Esse trabalho na Bacia do Rio Itacaiúnas já está terminado?

Gabriel Salomão – O projeto Background Geoquímico da Bacia do Rio Itacaiúnas teve sua primeira etapa concluída em 2019. No mesmo ano iniciamos um novo projeto, Background Geoquímico II. Neste projeto buscamos monitorar a saúde química da Bacia ao longo do tempo. Já temos um banco de dados com dois anos de análise, e rodando. Estamos analisando duas vezes ao ano, nos períodos chuvoso e seco, e a ideia é continuar analisando.
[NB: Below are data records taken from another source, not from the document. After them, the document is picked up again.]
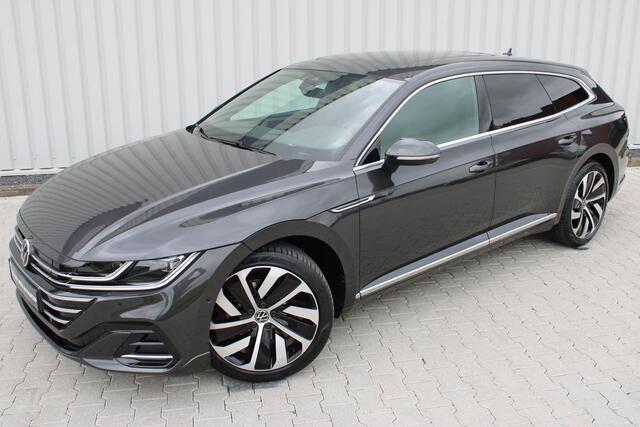 Volkswagen Arteon Shooting Brake 1.4 TSI eHybrid R-Line Business+ | Incl. 12 maanden garantie | Head-up[ display | Trekhaak uitklapbaar | Stoelverwarming voor + achter | Adaptieve cruise control | Apple carplay/Android auto | Schuif/kantel dak |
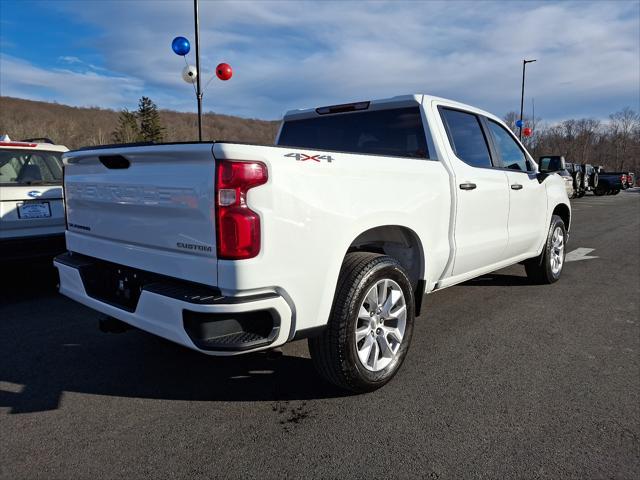 used 2022 Chevrolet Silverado 1500 car, priced at $33,386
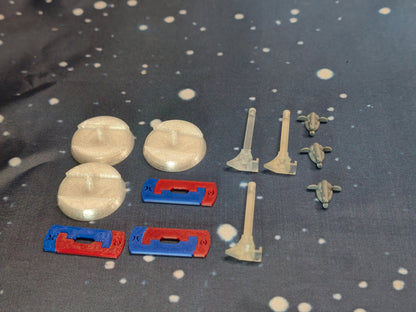 Imperial Firespray-31  – 3pcs - Compatible with Star Wars Armada scale games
Tem vários outros parâmetros muito importantes, que passamos a considerar nesta nova etapa, como por exemplo o HPA (hidrocarboneto policíclico aromático), que são originados de combustíveis, e temos como avaliar se pode ter uma concentração que está associada a um derrame de diesel, combustíveis e graxas. Outro caso que estamos monitorando na Bacia é o uso de pesticidas, organoflorados, que podem ser substâncias nocivas à saúde química do ecossistema. Nossa ideia é expandir cada vez mais, avaliar como a área está mudando.

Vocês vão disponibilizar o Atlas para o público em geral? Qual a importância dele?
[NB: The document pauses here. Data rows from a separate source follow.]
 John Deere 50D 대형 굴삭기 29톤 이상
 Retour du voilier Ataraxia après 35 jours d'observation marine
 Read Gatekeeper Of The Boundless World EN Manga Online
Gabriel Salomão – Sim, a ideia é disponibilizar. Dentro da temática de desenvolvimento territorial sustentável este é um produto muito forte. Com as informações disponíveis é possível saber, por exemplo, quais áreas precisam de mais atenção do que outras, o que pode ser uma grande ajuda para avaliações com base em evidências científicas. Junto com os órgãos ambientais é possível unir esforços visando a uma melhor gestão territorial. Se a gente sabe que uma determinada região tem um nível elevado de cobre, precisaremos de estudos mais apurados, como o caso de ensaios de biodisponibilidade, para avaliar o verdadeiro risco ao ecossistema. Estas informações geoquímicas podem ser utilizadas para avaliar potenciais riscos em função dos diferentes usos e ocupação da terra, como a ampliação de áreas urbanas e a criação de áreas destinadas à agricultura.